Ces questions ne déboucheront sans doute pas sur des réponses simples. On se bornera ici à observer qu’en soustrayant les ressortissants communautaires à l’obligation de réserve politique, la Cour a introduit le ferment d’une révolution qui est loin d’avoir épuisé ses effets.
B • L’élargissement du contenu de la liberté : de la liberté d’expression à la liberté de circulation
L’élargissement du contenu de la liberté d’expression s’accompagne ici de l’affirmation du caractère fondamental de cette liberté, les deux n’étant d’ailleurs pas sans rapport.
L’affirmation du caractère fondamental de la liberté d’expression n’a, il est vrai, rien de novateur dans la mesure où elle ne fait que confirmer une jurisprudence constante. Pour autant, les formules utilisées -ici à propos de la mesure d'expulsion de Polynésie- n'ont rien perdu de leur force originelle. La liberté d'expression, rappelle la Haute juridiction, “constitue l'un des fondements essentiels d'une société démocratique, l'une des conditions de son progrès. Sous réserve du paragraphe 2 de l'article 10, elle vaut non seulement pour les “informations” ou “idées” accueillies avec faveur ou considérées comme innofensives ou indifférentes, mais aussi pour celles qui heurtent, choquent ou inquiètent. Ainsi le veulent le pluralisme, la tolérance et l'esprit d'ouverture sans lesquelles il n'est pas de “société démocratique””. Et la Cour d'ajouter : “Un adversaire des positions officielles doit pouvoir trouver sa place dans l'arène politique.
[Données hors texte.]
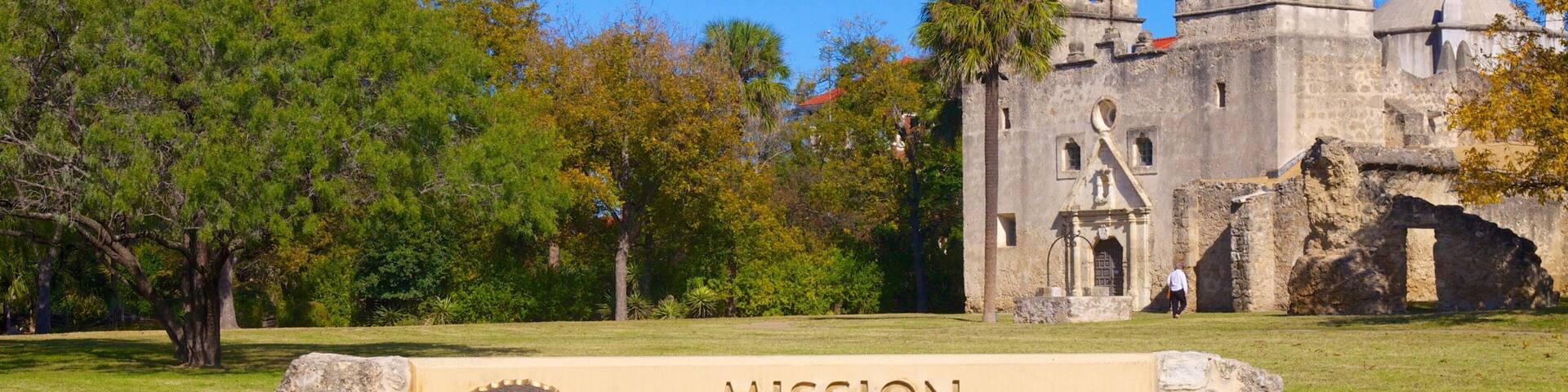 A historical building with a bell tower, surrounded by trees and a sign for the Mission Concepcion National Historical Park.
Précieuse pour chacun, la liberté d'expression l'est tout particulièrement pour un élu du peuple”127. C’est cette affirmation qui éclaire le débat sur la liberté de circulation.
Celui-ci s'est noué en particulier à propos de la mesure d'interdiction d'entrée sur le territoire de Nouvelle-Calédonie. Il s'agissait de savoir si cette mesure constituait une ingérence dans l'exercice de la liberté d'expression de la requérante. Prenant le contrepied de la thèse soutenue par le gouvernement français et par Commission, la Cour va juger que l'arrêté litigieux “s'analyse en une ingérence dans l'exercice du droit garanti par l'article 10 puisque, retenue à l'aéroport, l'intéressée n'a pu entrer en contact avec les personnalités politiques qui l'avaient invitée et exprimer ses idées sur place”128. Ainsi est ajoutée une dimension nouvelle à la liberté d'expression : celle-ci implique nécessairement celle d'aller et venir pour exposer et défendre ses idées.
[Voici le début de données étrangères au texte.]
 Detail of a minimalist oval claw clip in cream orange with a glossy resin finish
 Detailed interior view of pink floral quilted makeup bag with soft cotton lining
La solution est d’autant plus remarquable qu’en l'espèce l’atteinte à la liberté de circulation constituait aussi un grief distinct fondé par la requérante sur l'article 2 § 1 du Protocole n° 4, mais en tant que tel rejeté par la Cour129.
Il s’ensuit non seulement que la garantie de la liberté de circulation est doublement fondée, mais aussi que sa définition varie d’un article à l’autre. Dans un cas (art. 2 du Protocole n° 4) on a affaire à une liberté autonome, se suffisant à elle-même, tandis que dans l'autre (art. 10, § 1) il s'agirait plutôt d'une liberté finalisée qui n'est garantie qu'en tant qu'elle constitue le support, le moyen nécessaire de l'exercice d'une autre liberté, la liberté d'expression. En cela, la liberté de circulation tirée de l’article 10 § 1 est matériellement plus limitée que celle garantie par l'article 2 du Protocole n° 4. A l'inverse, elle a vocation à bénéficier d'une protection renforcée. D'une part, elle se trouve affranchie de la condition de régularité (de la présence sur le territoire) à laquelle l'article 2 du Protocole n° 4 subordonne normalement sa jouissance : la liberté d’expression s’exerçant sans considération de frontière, il en ira de même du droit de se déplacer afin de l’exercer. D'autre part, la rigueur qui préside, dans la jurisprudence des organes de la CEDH, à l'appréciation du bien-fondé des restrictions apportées à l'exercice de la liberté d'expression (au regard du § 2 de l'article 10)130 s'étendra dorénavant logiquement aux mesures restreignant la liberté d'aller et venir.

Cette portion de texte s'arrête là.